My initial comment is "Are you for Real?".

Look at a map.  Meaford is on a peninsula, located near to Owen Sound and not too far from Collingwood and Wassaga Beach.  Borden is not too far away, and just from there Barrie is easily accessable.  Orillia and Toronto and other centers are then within reach with little effort.  It is not like Meaford is in "Buttfuck Nowhere", but then again.......how much free time do you think you will have to go out chasing Cougars?   ;D


----------



## Rebel_RN (14 May 2005)

I just spoke with a friend who was at meaford and he said to stay away from the "rippers" in Collingwood, ya never know what you might get! along the same line i'm wondering how much free time you think you're going to get? Anyhow just thought i'd pass along the info.


----------



## tannerthehammer (14 May 2005)

George Wallace said:
			
		

> My initial comment is "Are you for Real?".
> 
> Look at a map.   Meaford is on a peninsula, located near to Owen Sound and not too far from Collingwood and Wassaga Beach.   Borden is not too far away, and just from there Barrie is easily accessable.   Orillia and Toronto and other centers are then within reach with little effort.   It is not like Meaford is in "Buttfuck Nowhere", but then again.......how much free time do you think you will have to go out chasing Cougars?     ;D



Well I know we get at least 1 weekend off between BMQ and SQ...


----------



## Slim (14 May 2005)

tannerthehammer said:
			
		

> Well I know we get at least 1 weekend off between BMQ and SQ...



A word to the wise...Be careful of what you do with your free time...This isn't '85 any more...

Slim


----------



## Rebel_RN (14 May 2005)

Just a quick note be careful what you do with your free time i can't see how the CO would be too impressed if you come back from time off requesting a shot of penicilin   but then agaain i may be wrong


----------



## NCRCrow (14 May 2005)

The guy asked for some info, not advice!! 

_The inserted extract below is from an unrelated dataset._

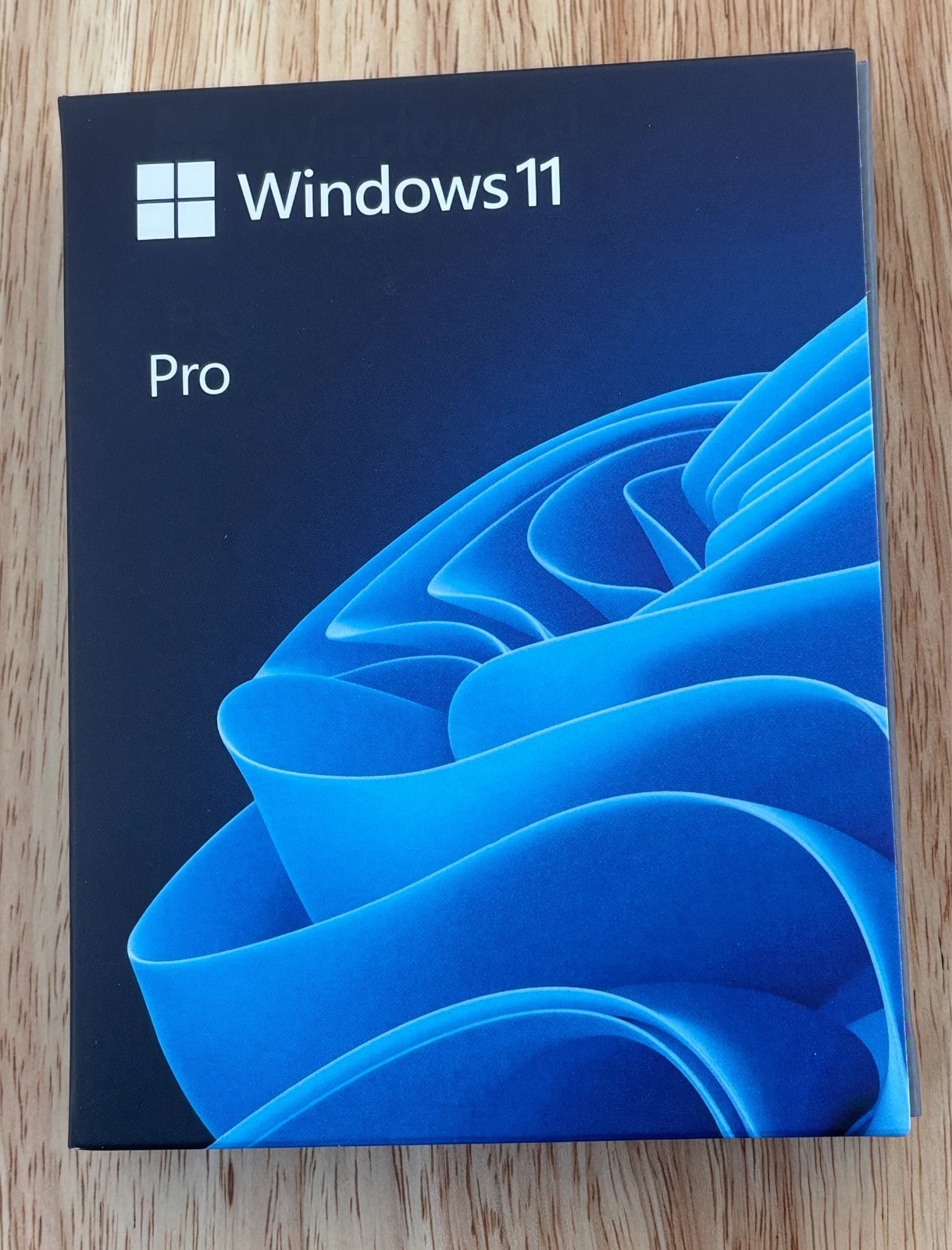 Microsoft Windows 11 Professional– Retail Box with USB Installer Lifetime Licene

Pencilin, CO's , leave Tanner alone. He asked a question, if u dont have an answer..back off

Have fun, I remember a bar called Brothers in Owen Sound.

Live it up!


----------



## Slim (14 May 2005)

NCRCrow said:
			
		

> The guy asked for some info, not advice!!
> 
> Pencilin, CO's , leave Tanner alone. He asked a question, if u dont have an answer..back off
> 
> ...



CROW

The CF has taken quite a beating in the last several years with regard to percieved improper actions of some of its members. Then there was the fiasco in CFB Borden, where a female was running around the base, alledgedly having sex with CF members in the "shacks."

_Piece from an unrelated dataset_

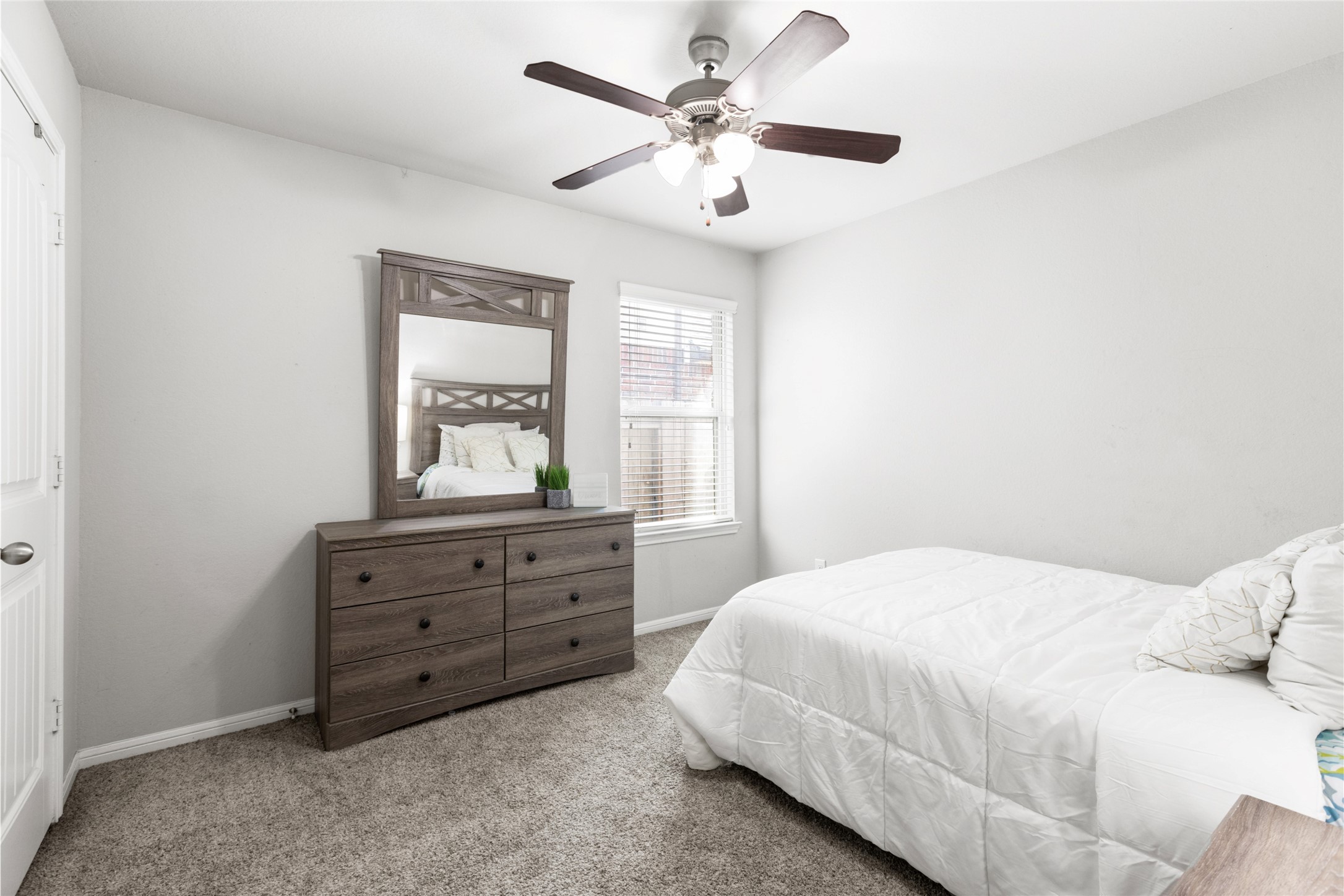 8102 Fieldfare Drive Property Photo 21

And now I see you telling another forum member that its ok to pursue these types of things, once again in an open forum. Then dumping on another forum member, who is a health care professional by trade, and insisting they "back off" when they offer some sound acdvice.

I view this as extermely poor judgemnt in your case. If I were you I would issue that other member an apology for your statment and edit the origional statement very quickly. 

With the time in and experience that you have you should be setting an example.

At this point I am putting you on C & P (second offense) for being ignorant and insulting to another member without any sort of cause. A future update of your profile would also be appreciated as I had to go to other forum members to find out who you really are.

Slim
STAFF


----------



## NCRCrow (14 May 2005)

yawn........


----------



## Sig_Des (14 May 2005)

Hammer,

I'd suggest you not worry too much about whether there are any rippers around. Worry about getting through your course. If you do end up having some time off, and decide you need to see some T&A, It'll be easy enough to find, but that shouldn't be your aim right now.

worry about your course. Also, if you work yourself up to going out on the town, and then you're course doesn't even get to go off-base, how crappy of a set up would that be? It does happen


----------



## Burrows (14 May 2005)

NCRCrow.  Check your PM's NOW.


----------



## Slim (14 May 2005)

I don't think that this needs to be open any longer.

Thread locked...And, I hope, point taken.

Slim
STAFF


----------